Other options for this transitional space include a beverage station with a built-in coffee machine, extra fridge, and storage for mugs and sometimes electric kettles. “Many homeowners set up their butler’s pantry as a fully stocked bar, with wine storage, drawers for spirits, ice maker, and plenty of upper cabinets for stem and barware,” Goodwin observes.
Lynne Persan, owner of Building Designs, LLC in Ridgefield, has seen similar trends, and with almost 20 years of experience in commercial and residential design and numerous awards including the Hobi Award, Persan has a lot of knowledge about butler’s pantries. “People use their pantries as an extension of the kitchen,” Persan says. “They are no longer just about bulk storage and broom closets, as homeowners want access to appliances that they don’t want cluttering up their kitchen counters.”
Persan’s clients also often want a second refrigerator and freezer in their butler’s pantries for the extras, and easy access to everyday dry goods such as rice, cereal, and snacks. Some homeowners are eschewing upper cabinets to allow for more windows within the space; consequently, they may store their daily dishes in the pantry, as well. “Usually, we do a pocket door that stays open mostly or a barn door or even no door at all, just a cased opening for easy access,” Persan states.

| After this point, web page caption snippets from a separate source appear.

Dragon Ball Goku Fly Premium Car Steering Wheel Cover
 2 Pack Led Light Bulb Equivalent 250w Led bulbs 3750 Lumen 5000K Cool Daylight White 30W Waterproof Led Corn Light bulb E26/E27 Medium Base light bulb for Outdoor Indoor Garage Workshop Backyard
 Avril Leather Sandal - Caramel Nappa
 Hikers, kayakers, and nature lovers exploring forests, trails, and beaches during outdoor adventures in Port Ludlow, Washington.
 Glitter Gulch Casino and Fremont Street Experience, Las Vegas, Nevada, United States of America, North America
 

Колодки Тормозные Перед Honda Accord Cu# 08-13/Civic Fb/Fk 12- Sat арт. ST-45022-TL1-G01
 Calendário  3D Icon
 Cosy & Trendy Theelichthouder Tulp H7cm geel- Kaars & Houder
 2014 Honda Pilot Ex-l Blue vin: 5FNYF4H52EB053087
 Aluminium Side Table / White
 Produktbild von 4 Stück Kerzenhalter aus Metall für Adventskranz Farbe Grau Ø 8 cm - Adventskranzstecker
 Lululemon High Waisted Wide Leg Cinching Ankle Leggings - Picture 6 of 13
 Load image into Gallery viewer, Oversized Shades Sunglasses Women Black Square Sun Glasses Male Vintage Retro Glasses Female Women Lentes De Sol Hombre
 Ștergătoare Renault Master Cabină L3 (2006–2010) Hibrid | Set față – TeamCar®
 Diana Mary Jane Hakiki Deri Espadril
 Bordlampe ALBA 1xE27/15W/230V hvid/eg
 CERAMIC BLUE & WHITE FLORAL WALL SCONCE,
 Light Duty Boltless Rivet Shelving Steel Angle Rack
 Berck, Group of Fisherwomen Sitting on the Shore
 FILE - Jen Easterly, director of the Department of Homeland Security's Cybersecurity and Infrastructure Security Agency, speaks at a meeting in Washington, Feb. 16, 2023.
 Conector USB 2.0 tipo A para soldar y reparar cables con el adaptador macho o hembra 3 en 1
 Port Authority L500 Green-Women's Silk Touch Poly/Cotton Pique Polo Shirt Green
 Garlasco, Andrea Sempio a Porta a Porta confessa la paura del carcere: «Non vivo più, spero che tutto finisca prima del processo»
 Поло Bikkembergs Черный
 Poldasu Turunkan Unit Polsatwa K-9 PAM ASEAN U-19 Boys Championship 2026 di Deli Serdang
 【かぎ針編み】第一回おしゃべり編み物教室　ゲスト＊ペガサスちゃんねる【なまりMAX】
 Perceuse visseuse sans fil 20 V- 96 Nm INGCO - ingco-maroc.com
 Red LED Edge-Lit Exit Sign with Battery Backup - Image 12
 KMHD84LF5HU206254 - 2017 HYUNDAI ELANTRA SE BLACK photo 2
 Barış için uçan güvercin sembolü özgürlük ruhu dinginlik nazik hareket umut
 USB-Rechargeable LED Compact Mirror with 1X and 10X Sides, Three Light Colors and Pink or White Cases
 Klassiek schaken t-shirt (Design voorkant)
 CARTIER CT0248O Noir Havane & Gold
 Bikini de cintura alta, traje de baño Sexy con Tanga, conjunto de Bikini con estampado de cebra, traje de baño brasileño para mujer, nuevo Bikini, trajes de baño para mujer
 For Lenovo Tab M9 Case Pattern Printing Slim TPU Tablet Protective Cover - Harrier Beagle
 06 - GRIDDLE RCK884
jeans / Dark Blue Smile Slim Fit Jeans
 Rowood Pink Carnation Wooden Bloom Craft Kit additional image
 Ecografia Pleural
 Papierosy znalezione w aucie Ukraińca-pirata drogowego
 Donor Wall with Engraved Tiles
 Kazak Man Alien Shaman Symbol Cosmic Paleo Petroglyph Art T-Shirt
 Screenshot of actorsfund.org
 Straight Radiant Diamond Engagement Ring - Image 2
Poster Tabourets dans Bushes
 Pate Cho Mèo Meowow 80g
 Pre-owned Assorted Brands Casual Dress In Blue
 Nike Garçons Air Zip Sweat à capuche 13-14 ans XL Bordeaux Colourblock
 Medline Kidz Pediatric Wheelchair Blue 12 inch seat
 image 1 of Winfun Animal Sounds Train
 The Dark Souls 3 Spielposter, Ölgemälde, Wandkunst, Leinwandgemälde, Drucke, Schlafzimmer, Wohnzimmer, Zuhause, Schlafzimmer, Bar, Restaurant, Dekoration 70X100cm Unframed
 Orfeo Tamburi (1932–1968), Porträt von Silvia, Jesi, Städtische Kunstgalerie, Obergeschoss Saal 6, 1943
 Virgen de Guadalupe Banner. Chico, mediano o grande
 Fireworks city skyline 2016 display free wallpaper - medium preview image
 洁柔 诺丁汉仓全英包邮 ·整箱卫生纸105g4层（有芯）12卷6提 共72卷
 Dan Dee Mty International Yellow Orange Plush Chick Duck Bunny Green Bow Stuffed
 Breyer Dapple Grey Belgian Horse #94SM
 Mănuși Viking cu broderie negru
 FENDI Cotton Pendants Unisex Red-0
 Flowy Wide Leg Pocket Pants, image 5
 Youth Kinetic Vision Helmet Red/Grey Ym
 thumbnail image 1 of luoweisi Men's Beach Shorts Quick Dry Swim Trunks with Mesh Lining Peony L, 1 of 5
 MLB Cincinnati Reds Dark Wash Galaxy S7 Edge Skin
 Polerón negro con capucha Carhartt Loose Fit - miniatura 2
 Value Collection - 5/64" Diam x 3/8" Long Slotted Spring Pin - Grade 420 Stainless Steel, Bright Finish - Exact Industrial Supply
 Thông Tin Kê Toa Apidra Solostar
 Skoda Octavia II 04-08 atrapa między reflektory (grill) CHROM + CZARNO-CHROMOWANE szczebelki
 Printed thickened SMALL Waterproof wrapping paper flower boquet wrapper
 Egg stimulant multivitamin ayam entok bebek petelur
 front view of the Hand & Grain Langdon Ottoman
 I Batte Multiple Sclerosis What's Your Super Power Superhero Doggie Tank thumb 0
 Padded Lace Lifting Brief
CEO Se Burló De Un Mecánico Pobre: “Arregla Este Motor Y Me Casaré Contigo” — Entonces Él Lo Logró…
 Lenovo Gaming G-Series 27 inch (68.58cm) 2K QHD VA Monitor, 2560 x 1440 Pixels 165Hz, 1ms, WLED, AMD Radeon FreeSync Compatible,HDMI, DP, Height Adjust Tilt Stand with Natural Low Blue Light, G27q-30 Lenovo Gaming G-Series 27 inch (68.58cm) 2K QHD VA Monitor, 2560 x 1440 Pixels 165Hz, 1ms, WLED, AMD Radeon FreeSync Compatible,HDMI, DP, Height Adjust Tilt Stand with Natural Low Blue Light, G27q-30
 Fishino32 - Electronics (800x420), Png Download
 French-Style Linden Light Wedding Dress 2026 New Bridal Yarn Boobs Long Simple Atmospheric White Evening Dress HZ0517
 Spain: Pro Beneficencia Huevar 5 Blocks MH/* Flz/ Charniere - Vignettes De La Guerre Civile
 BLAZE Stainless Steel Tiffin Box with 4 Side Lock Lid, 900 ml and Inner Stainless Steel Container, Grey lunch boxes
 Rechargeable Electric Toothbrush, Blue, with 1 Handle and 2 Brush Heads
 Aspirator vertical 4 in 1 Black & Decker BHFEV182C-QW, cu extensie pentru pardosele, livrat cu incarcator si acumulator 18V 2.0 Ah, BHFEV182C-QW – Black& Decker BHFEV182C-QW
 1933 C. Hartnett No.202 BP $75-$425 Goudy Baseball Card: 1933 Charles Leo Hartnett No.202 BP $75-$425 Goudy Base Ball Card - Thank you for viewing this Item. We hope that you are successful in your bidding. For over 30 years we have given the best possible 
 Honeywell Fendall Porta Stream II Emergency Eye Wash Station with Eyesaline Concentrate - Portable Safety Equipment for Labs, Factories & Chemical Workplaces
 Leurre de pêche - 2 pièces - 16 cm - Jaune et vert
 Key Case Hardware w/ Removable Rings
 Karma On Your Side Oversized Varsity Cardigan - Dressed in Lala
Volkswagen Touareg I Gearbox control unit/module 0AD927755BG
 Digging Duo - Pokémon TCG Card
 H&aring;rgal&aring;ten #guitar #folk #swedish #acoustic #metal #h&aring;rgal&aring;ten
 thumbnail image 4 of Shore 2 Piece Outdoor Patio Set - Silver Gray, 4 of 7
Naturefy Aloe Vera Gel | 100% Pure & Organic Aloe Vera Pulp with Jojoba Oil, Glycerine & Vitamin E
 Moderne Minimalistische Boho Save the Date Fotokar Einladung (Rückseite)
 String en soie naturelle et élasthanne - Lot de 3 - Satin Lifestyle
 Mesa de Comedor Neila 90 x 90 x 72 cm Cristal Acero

She adds that recently clients have been asking for “a pull-out recycling bin in the base cabinets, which makes it easy to grab stuff, and an area for bulk storage in either a large pantry cabinet within the space or just large three-foot-wide double door base cabinets.” Persan says that butler’s pantries are no longer basic cabinets and wire shelving. They are beautiful cabinets with granite or quartz countertops. “The only difference between the kitchen and pantry now is that the pantry won’t typically have a backsplash but will have an accent color behind the shelves,” she states. “They are no longer just closets, either — they have morphed into small rooms.”
Interior designer Lisa Lieberthal, of Lisa Joy Designs in Trumbull, prioritizes function over beauty but still likes to give the client what they want. “Butler’s pantries usually include a wine refrigerator, a mixing sink, and a place for linens, but it is important to consider the existing design to achieve harmony in the space,” Lieberthal explains, adding there is no one trend, when it comes to this space: “Designs can range from classic to contemporary; glass cabinets or solid doors can be contemporary or lacquer from Italy or antique wood.” It all depends on the client’s taste.
Lieberthal notes another possible use for the butler’s pantry: a separate area for children. If homeowners aren’t big entertainers but still want a butler’s pantry, it can be a nice area for children or a little alcove like a private suite for guests. “Butler’s pantries have departed from the original concept to fit personalities and taste,” she concludes. “No longer guarded overnight by a tuxedo-wearing butler, these pantries have become the ultimate kitchen luxury space that can be used for anything from extra storage to a place to prepare food and beverages for guests.”